◆ **DATA SUPPLIED**:
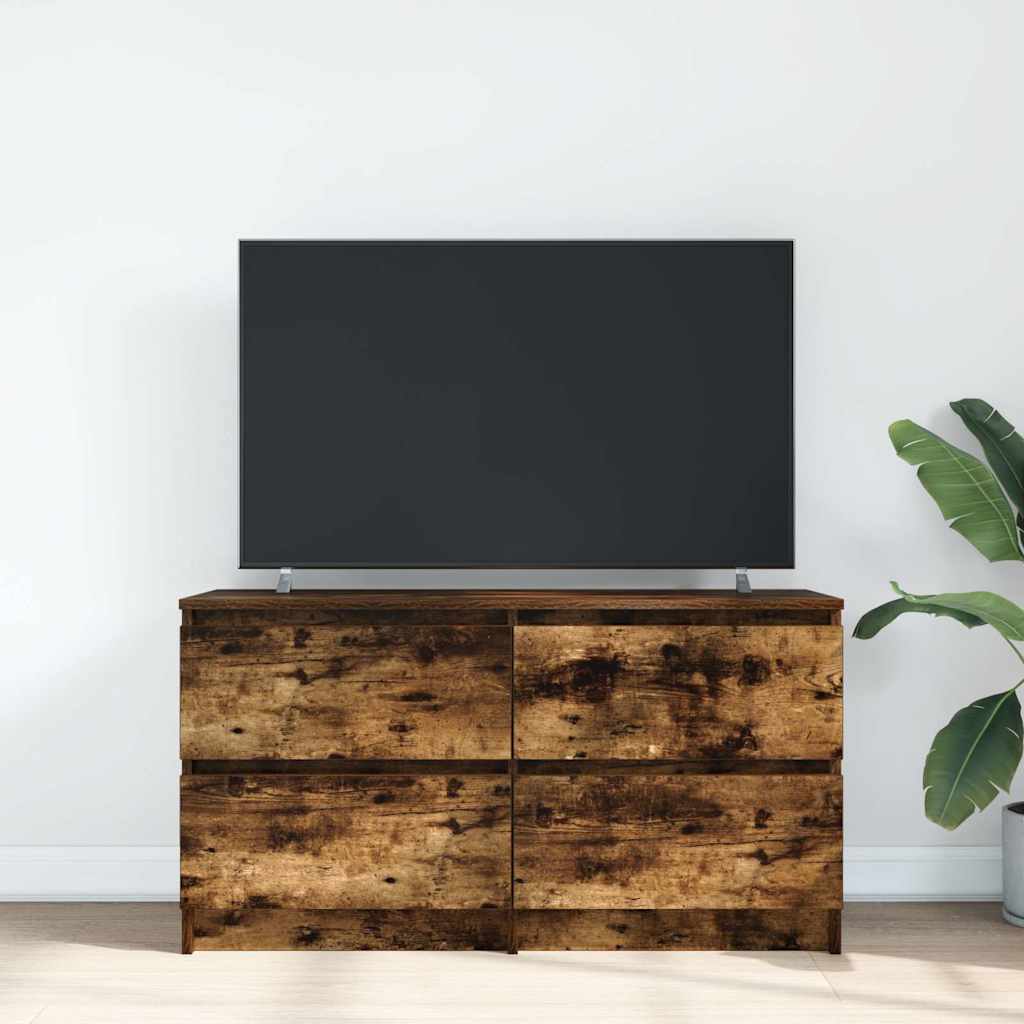 Vidaxl tv-meubel 100x35x54 cm bewerkt hout gerookt eikenkleurig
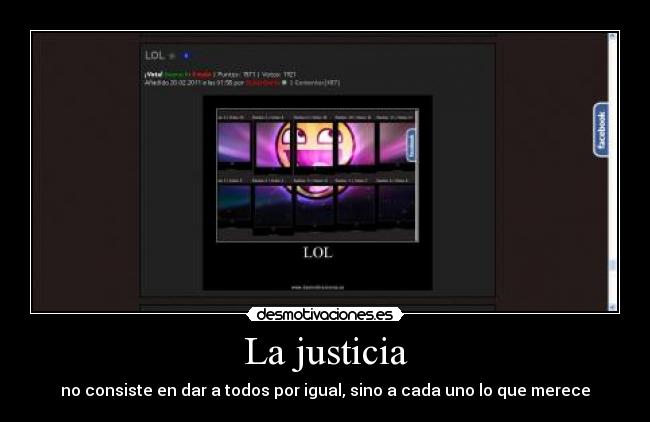 La justicia -
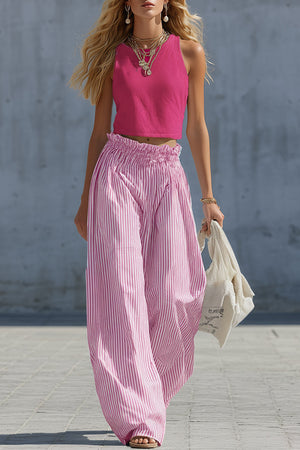 The Camille Striped Cotton Set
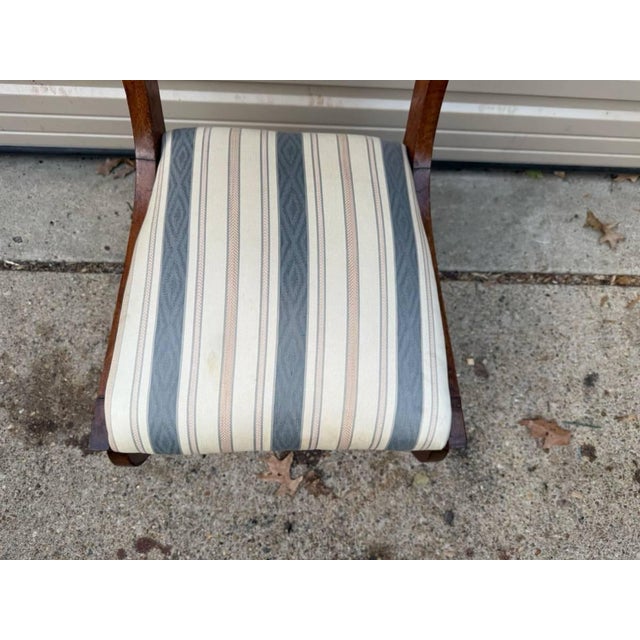 Early 20th Century Set of Six Antique Regency Style Mahogany Carved Dining Chairs For Sale In Washington DC - Image 6 of 12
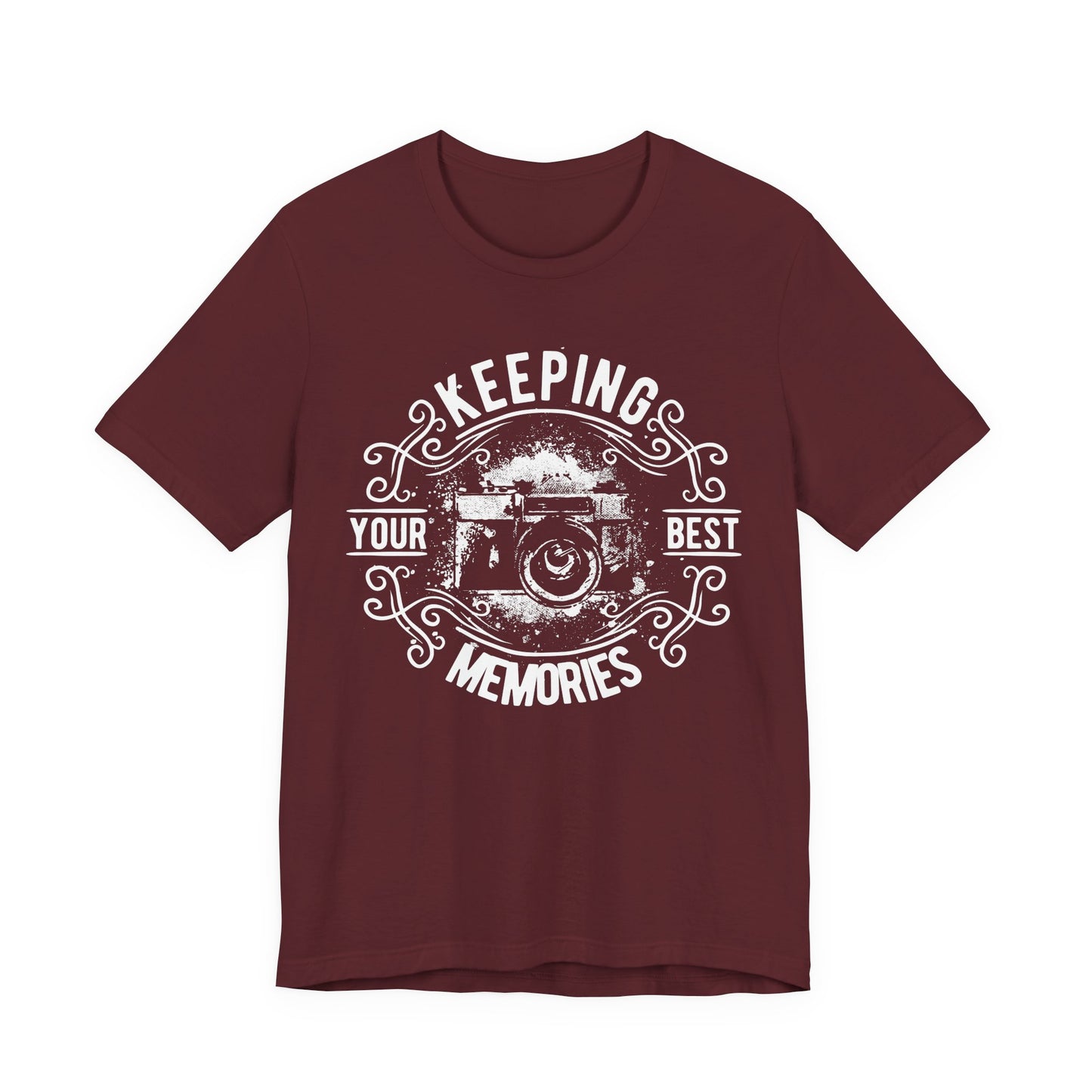 Keeping Your Best Memories T-Shirt Vintage Camera Graphic T-Shirt A-5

◆ **PROBLEM DESCRIPTION**:
Leaving out the pictures, repeat the data above exactly.

◆ **WRITTEN RESPONSE**:
 Vidaxl tv-meubel 100x35x54 cm bewerkt hout gerookt eikenkleurig
 La justicia -
 The Camille Striped Cotton Set
 Early 20th Century Set of Six Antique Regency Style Mahogany Carved Dining Chairs For Sale In Washington DC - Image 6 of 12
 Keeping Your Best Memories T-Shirt Vintage Camera Graphic T-Shirt A-5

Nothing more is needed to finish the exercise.